Frente a uma plateia de empresários, políticos e trabalhadores, a presidente Dilma Rousseff criticou abertamente os bancos e defendeu a queda dos juros e dos spreads bancários (diferença entre o que a instituição paga para captar e o que ele cobra para emprestar). Classificou esses custos como “tecnicamente de difícil explicação” e sinalizou que vai pressionar o setor a reduzir essas taxas. As afirmações da presidente ocorreram, ontem, durante a divulgação de incentivos à indústria nacional, uma complementação do plano Brasil Maior. Uma segunda etapa desse estímulo ao setor produtivo está programado para ser lançada ainda na próxima semana, quando Banco do Brasil e Caixa Econômica devem divulgar um pacotão de crédito e entrar pesado na competição com outros bancos com reduções expressivas de spreads e juros.
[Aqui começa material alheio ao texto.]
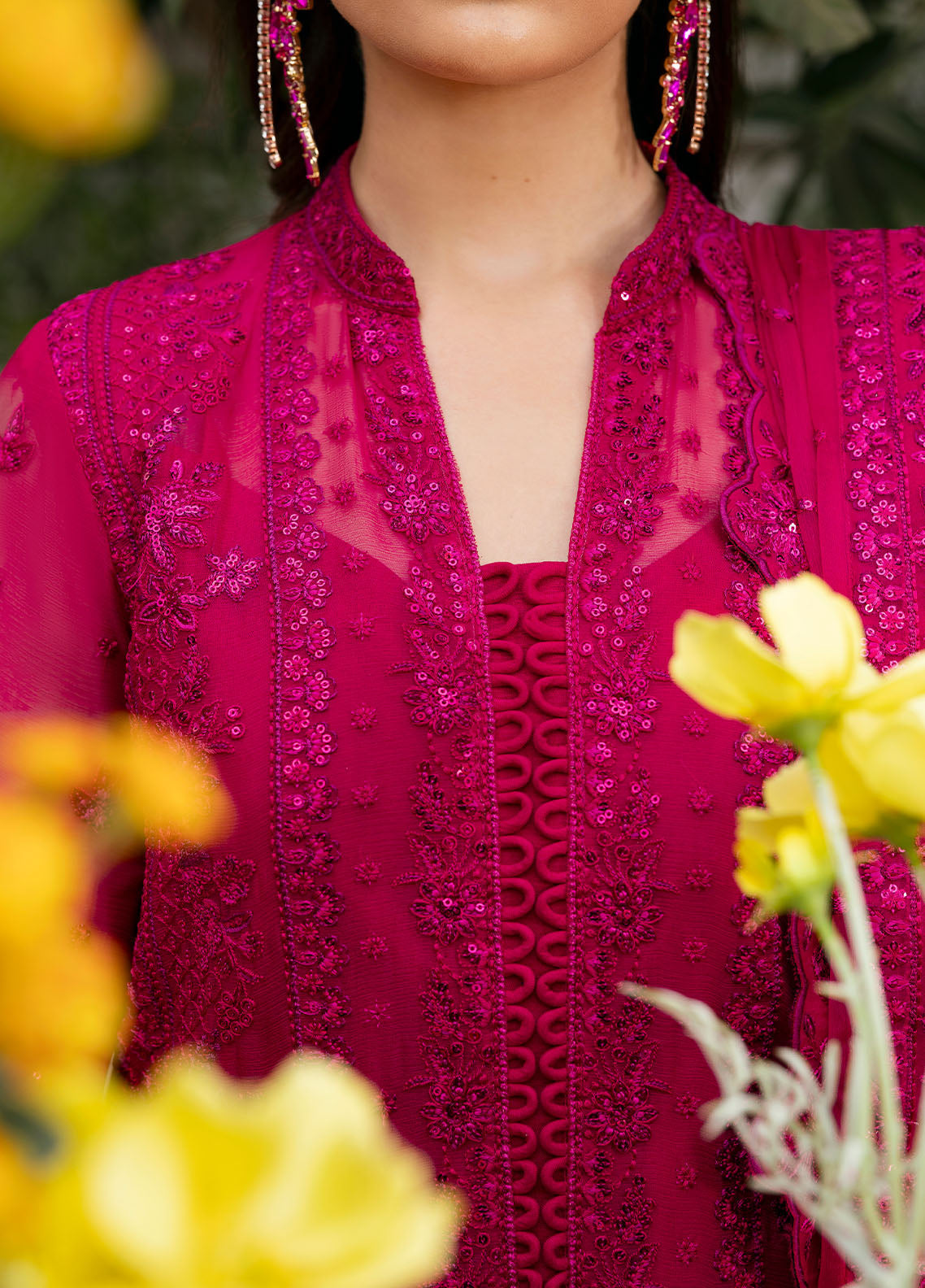Gulaal | Reverie Embroidered Chiffon | ZEVIRA - House Of Anaya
Durante o discurso, a presidente indicou que o setor bancário privado está deixando a desejar e garantiu: “Nós estamos fazendo a nossa parte”. A afirmação de Dilma foi também uma resposta às críticas do presidente da União Geral dos Trabalhadores (UGT), Ricardo Patah, que fez discurso inflamado contra os bancos e cobrou mais ações do governo minutos antes da presidente falar. “Queremos sim juros e spreads menores no Brasil. Com isso, as empresas vão poder investir na expansão da produção, na modernização do processo produtivo, na geração de inovações”, respondeu a presidente.
Murilo Portugal, presidente da Federação Brasileira de Bancos (Febraban), estava na platéia, porém, sem prestígio junto ao governo, ficou escondido em meio ao público e não teve oportunidade de responder às críticas da presidente e do sindicalista. A falta de proximidade do representante dos bancos com o Palácio do Planalto é tamanha que Portugal nem sequer entrou pela porta das autoridades, teve de enfrentar uma longa fila em meio aos populares para assistir a apresentação das medidas.